Alden Ehrenreich: Yes. Within the first three pages of reading the script I knew I wanted to do the film. Because my character narrates the story, I could tell what his point of view, and attitude about the world, is. It’s like you meet somebody and you have chemistry with them. I just had chemistry with his point of view and I liked that.

Laugh is the thing

EDGE: As young actors, what qualities do you bring to your characters?

Alice Englert: That’s a new question! Youth, maybe? It’s funny, I wonder. I think what I was able to bring to her was, what I really understood was the "moving" thing (Lena was constantly being uprooted from one place to another). Those barriers that you put up when you do not spend a lot of time in one place. I understood her idea of saying "hello" was the beginning of saying "goodbye." That’s just how it is. You meet and you leave. I understood that and could relate.
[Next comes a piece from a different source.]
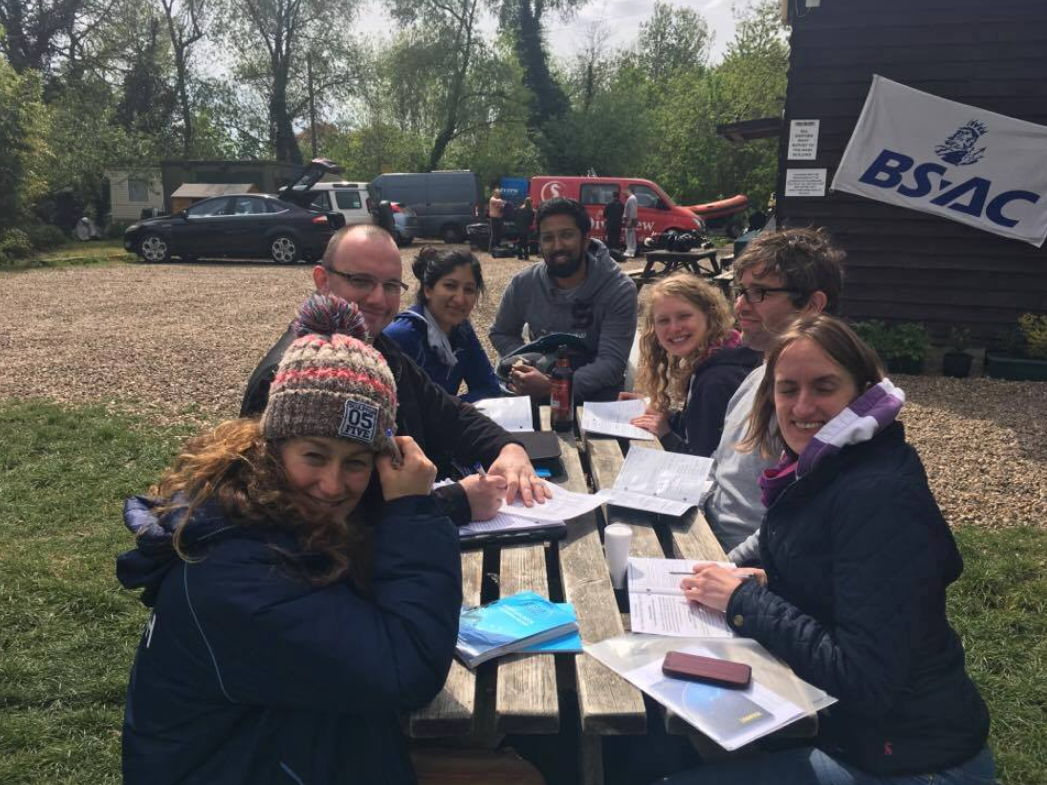 PADI Open Water Course (Part A) – Learn to Scuba Dive gallery 3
Alden Ehrenreich: The authors told me that they felt that all the guys in the young adult romance genre, (jokes) which is different from adult romance...

Alice Englert: Adult romance is a lot more raunchy, right?

Alden Ehrenreich: Right. In the young adult romance genre, these male characters were these cold, aloof, mean guys, bad boys basically. What they (the filmmakers) wanted was a character that people can relate to -- a good guy who read books and was nice. So that’s what I like about the character, I found him admirable. He had good character and was a good guy. He was upbeat. I try to bring some ’upbeatness’ to it. I’ve a very upsetting and disorienting laugh that people in restaurants turn (breaks into a squeaking high pitch laugh). So I bring more of that.

Favorite scene

EDGE: What is the scene that is most memorable to you?

Alden Ehrenreich: Mine was a scene that was cut out of the movie (both laugh)

Alice Englert: Which one?

Alden Ehrenreich: The swamp. We shot in this swamp. I got to be in this boat by myself with an oar in this incredible environment with all these creatures and insects and alligators and stuff like that. It was amazing.

Alice Englert: We sat in these cinema seats that were put on a hill during this civil war flashback that they were having in the storyline. It was a scene that again, we didn’t use (in the final film). So these memories, we will just remember.

Alden Ehrenreich: We could just be making this up!

Alice Englert: They sat us there with popcorn and Coke, and we just watched Civil War re-enactments!

"Beautiful Creatures" is in theaters.